§ Input data
-------------------------
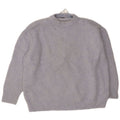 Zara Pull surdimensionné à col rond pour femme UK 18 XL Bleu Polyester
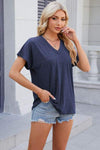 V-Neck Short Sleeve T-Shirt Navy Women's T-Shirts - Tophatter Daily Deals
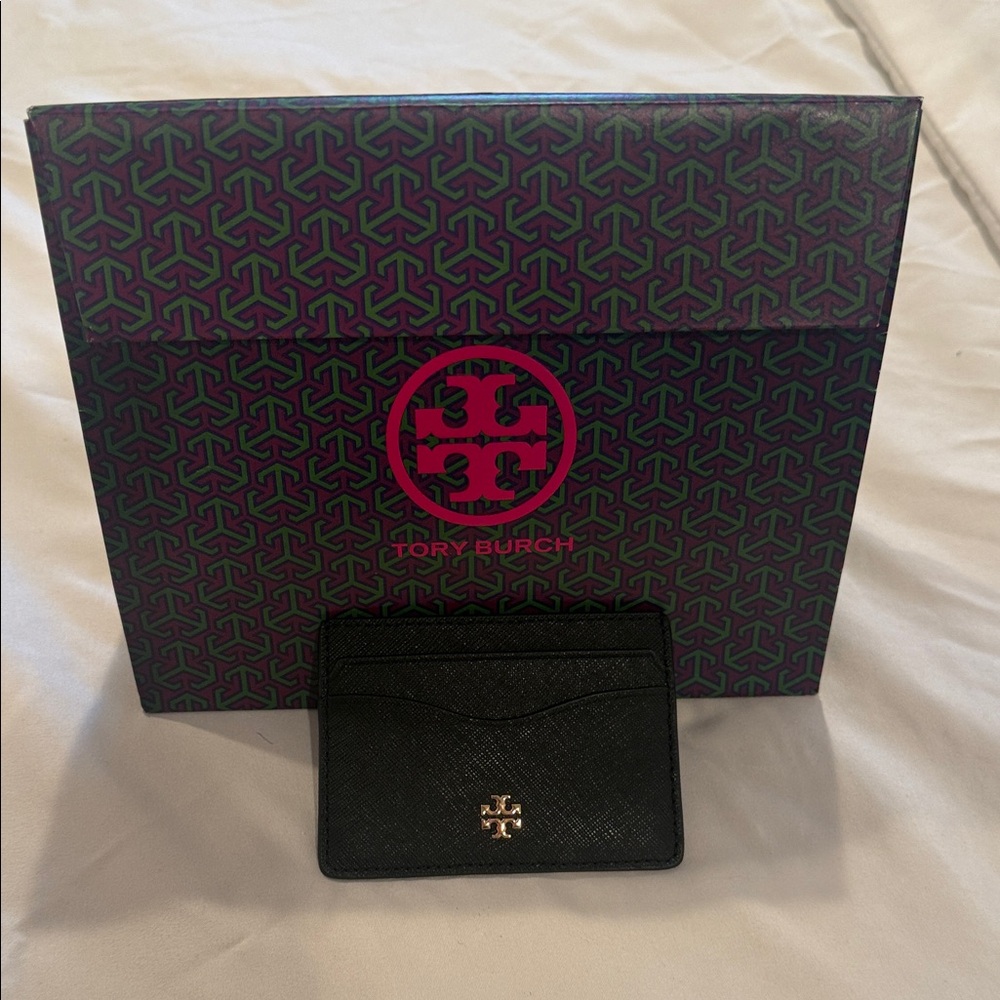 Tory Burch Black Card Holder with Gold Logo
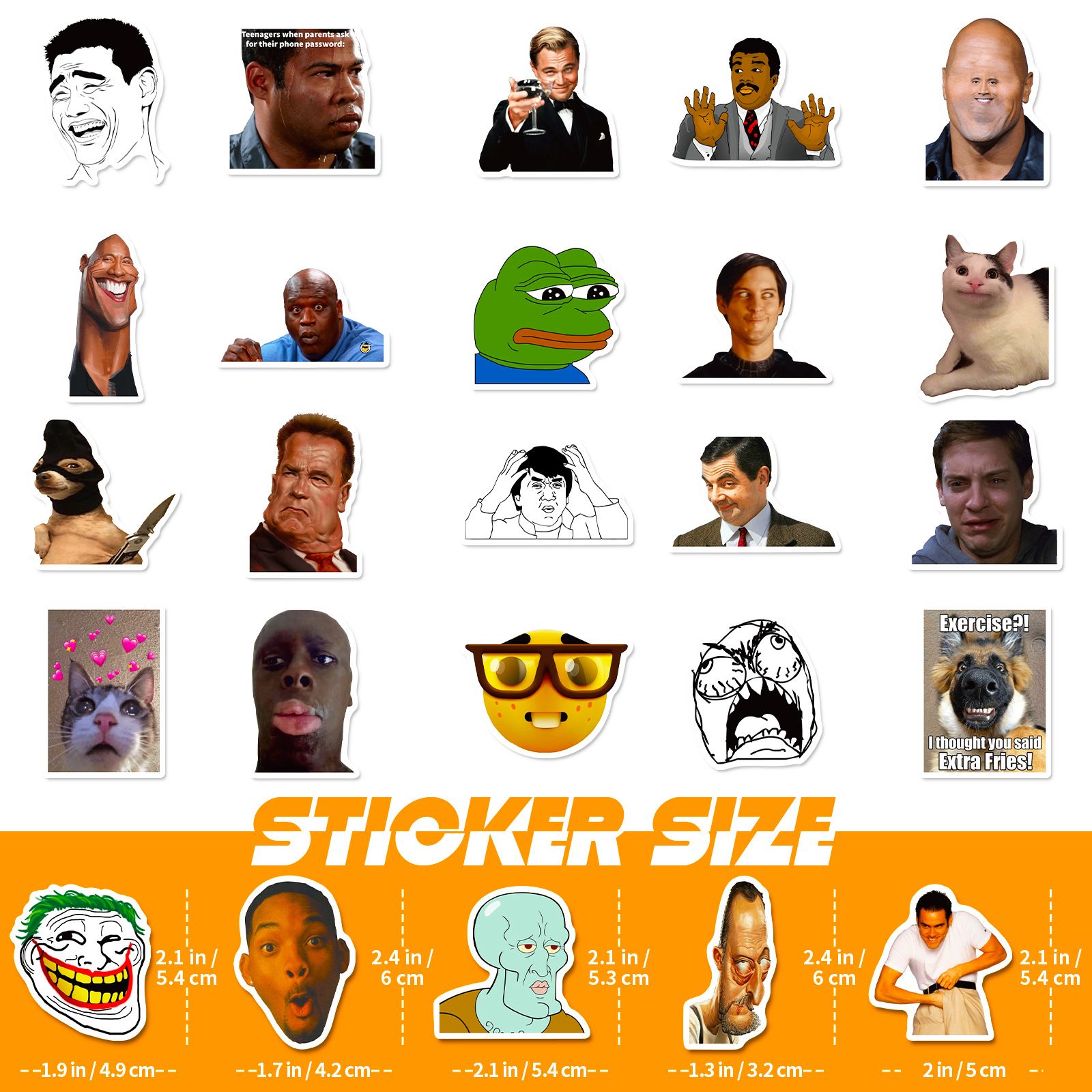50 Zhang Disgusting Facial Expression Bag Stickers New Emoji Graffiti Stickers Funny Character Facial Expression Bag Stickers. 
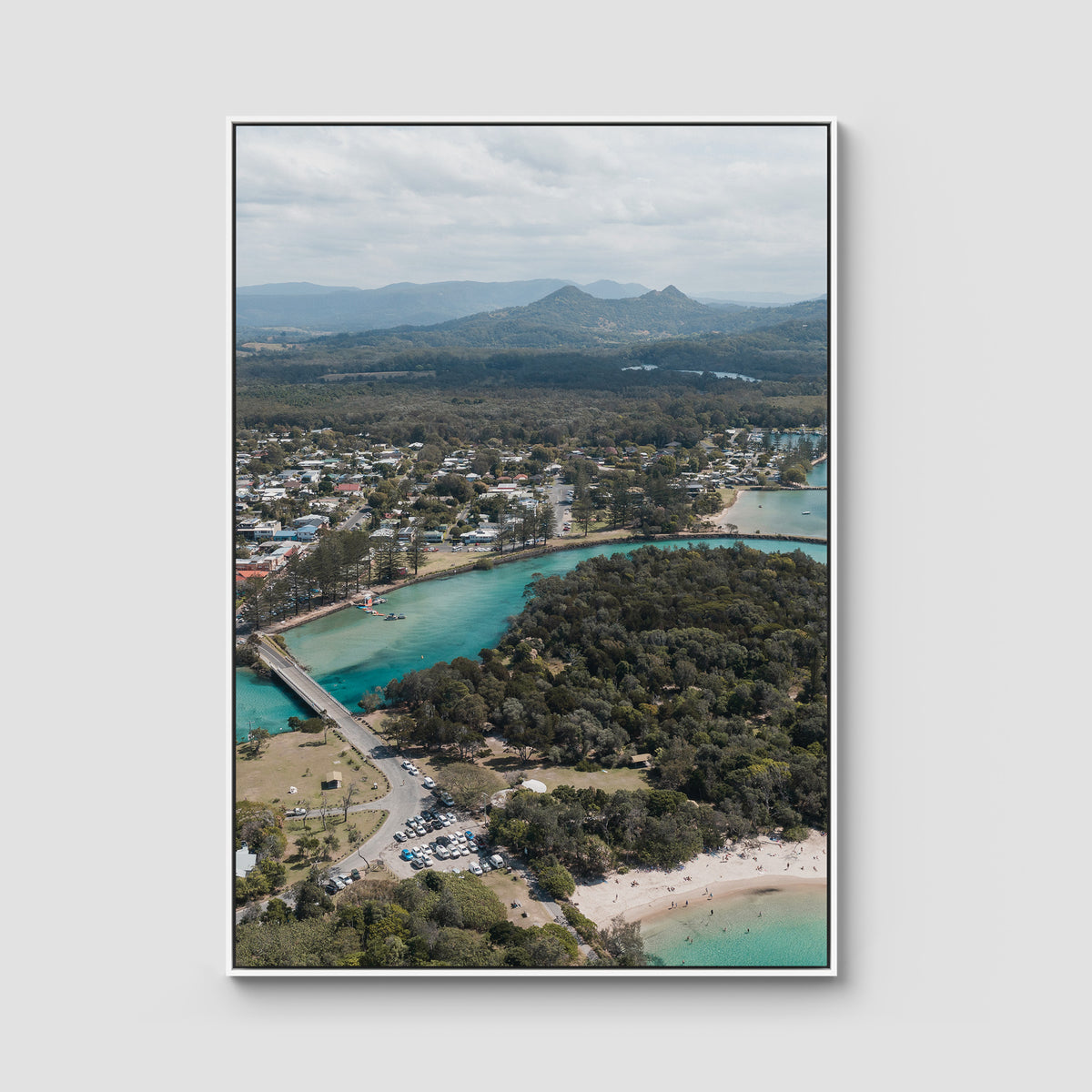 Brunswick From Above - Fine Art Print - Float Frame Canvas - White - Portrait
-------------------------
§ Required action
In the records above, find the line containing "V-Neck Short Sleeve". Reproduce it and every line after it through the last line, omitting pictures.

§ Final answer
 V-Neck Short Sleeve T-Shirt Navy Women's T-Shirts - Tophatter Daily Deals
 Tory Burch Black Card Holder with Gold Logo
50 Zhang Disgusting Facial Expression Bag Stickers New Emoji Graffiti Stickers Funny Character Facial Expression Bag Stickers. 
 Brunswick From Above - Fine Art Print - Float Frame Canvas - White - Portrait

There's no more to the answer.